Data entries
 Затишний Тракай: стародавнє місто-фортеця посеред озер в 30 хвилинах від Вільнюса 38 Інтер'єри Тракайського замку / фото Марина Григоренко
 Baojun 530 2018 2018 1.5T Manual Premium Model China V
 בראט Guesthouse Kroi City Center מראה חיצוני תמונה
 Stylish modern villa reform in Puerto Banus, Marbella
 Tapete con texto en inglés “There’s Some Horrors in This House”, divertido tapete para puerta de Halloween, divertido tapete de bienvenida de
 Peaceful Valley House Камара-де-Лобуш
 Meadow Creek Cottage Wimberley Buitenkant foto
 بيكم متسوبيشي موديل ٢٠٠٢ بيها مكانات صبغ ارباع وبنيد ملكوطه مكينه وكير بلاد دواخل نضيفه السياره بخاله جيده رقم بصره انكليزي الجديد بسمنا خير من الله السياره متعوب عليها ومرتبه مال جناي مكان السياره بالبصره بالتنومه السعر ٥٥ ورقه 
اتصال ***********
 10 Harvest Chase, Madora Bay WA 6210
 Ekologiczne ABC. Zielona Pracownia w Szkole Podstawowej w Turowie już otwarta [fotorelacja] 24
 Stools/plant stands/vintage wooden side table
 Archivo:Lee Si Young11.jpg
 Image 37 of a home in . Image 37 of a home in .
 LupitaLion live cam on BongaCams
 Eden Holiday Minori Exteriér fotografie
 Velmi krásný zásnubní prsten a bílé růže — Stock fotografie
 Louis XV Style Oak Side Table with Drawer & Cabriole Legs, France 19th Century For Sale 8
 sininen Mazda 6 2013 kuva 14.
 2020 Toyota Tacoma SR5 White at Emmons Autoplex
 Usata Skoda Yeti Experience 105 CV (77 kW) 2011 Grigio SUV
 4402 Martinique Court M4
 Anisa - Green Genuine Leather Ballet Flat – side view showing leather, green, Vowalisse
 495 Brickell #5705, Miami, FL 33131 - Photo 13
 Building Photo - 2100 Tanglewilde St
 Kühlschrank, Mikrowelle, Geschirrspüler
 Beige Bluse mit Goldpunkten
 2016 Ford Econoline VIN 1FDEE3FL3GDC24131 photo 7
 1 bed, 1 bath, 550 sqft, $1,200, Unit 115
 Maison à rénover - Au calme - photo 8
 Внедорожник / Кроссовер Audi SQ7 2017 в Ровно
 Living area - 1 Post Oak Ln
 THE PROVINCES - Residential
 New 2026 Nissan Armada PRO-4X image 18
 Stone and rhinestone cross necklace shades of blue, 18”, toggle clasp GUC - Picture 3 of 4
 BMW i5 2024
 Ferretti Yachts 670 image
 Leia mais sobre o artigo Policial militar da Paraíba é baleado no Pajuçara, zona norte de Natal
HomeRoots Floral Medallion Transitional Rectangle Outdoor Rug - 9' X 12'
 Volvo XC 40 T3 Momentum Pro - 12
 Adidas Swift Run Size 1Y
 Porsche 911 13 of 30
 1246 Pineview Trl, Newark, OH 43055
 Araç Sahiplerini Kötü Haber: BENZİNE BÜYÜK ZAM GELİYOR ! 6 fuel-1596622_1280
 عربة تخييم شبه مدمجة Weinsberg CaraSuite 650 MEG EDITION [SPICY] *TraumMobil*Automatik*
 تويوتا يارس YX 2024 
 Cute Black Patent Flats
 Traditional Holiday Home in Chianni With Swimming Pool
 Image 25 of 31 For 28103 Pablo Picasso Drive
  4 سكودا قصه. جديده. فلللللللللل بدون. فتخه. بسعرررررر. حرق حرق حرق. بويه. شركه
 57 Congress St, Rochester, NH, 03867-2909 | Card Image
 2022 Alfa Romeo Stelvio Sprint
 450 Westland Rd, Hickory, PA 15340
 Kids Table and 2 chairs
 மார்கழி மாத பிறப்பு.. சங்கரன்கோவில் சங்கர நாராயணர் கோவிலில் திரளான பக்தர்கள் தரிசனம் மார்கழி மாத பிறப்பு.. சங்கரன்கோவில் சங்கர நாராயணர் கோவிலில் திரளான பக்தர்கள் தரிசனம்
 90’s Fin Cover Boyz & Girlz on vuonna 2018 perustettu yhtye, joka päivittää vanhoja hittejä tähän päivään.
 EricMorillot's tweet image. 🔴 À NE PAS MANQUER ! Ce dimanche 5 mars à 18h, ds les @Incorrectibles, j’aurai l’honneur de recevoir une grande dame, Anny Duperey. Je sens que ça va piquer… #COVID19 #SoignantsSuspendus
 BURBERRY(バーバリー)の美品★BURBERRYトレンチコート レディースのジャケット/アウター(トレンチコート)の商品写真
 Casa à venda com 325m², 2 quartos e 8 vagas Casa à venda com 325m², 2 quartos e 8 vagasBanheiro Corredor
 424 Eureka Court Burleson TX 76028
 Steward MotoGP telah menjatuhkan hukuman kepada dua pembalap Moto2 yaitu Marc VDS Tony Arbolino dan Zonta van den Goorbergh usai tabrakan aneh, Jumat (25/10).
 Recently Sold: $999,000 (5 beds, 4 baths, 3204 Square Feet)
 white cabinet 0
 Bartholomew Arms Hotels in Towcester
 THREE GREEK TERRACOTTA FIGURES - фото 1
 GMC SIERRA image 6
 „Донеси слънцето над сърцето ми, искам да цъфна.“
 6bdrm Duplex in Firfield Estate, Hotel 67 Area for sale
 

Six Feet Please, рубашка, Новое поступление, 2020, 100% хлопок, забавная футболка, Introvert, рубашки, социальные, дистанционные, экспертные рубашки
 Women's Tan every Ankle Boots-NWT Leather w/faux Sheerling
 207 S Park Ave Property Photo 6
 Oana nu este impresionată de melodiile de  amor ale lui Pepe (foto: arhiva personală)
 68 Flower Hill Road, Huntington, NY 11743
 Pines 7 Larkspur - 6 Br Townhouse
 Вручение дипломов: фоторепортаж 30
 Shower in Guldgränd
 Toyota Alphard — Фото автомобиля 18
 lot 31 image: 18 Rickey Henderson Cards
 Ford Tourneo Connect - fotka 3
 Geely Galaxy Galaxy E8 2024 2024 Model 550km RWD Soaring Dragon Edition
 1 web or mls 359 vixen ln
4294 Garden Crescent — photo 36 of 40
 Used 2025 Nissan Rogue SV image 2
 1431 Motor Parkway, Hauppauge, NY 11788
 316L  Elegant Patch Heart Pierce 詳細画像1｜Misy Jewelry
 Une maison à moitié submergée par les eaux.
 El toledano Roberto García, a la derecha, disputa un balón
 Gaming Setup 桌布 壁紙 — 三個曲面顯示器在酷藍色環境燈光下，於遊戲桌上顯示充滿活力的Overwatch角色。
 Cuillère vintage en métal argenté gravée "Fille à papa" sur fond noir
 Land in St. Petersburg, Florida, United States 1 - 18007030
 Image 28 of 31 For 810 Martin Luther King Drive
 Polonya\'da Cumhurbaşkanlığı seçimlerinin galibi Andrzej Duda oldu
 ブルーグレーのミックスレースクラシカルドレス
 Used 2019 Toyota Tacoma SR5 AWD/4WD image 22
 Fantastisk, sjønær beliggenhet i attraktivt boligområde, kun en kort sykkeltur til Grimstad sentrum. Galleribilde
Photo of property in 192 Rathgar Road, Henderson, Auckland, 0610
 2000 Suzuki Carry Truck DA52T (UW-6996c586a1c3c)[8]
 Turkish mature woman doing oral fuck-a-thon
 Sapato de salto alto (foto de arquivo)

* _Task instructions_:
Copy the lines above exactly, beginning at the line that has "Velmi krásný zásnubní" and stopping after the line that has "Beige Bluse mit Goldpunkten", and omit the rest.

* _Answer section_:
 Velmi krásný zásnubní prsten a bílé růže — Stock fotografie
 Louis XV Style Oak Side Table with Drawer & Cabriole Legs, France 19th Century For Sale 8
 sininen Mazda 6 2013 kuva 14.
 2020 Toyota Tacoma SR5 White at Emmons Autoplex
 Usata Skoda Yeti Experience 105 CV (77 kW) 2011 Grigio SUV
 4402 Martinique Court M4
 Anisa - Green Genuine Leather Ballet Flat – side view showing leather, green, Vowalisse
 495 Brickell #5705, Miami, FL 33131 - Photo 13
 Building Photo - 2100 Tanglewilde St
 Kühlschrank, Mikrowelle, Geschirrspüler
 Beige Bluse mit Goldpunkten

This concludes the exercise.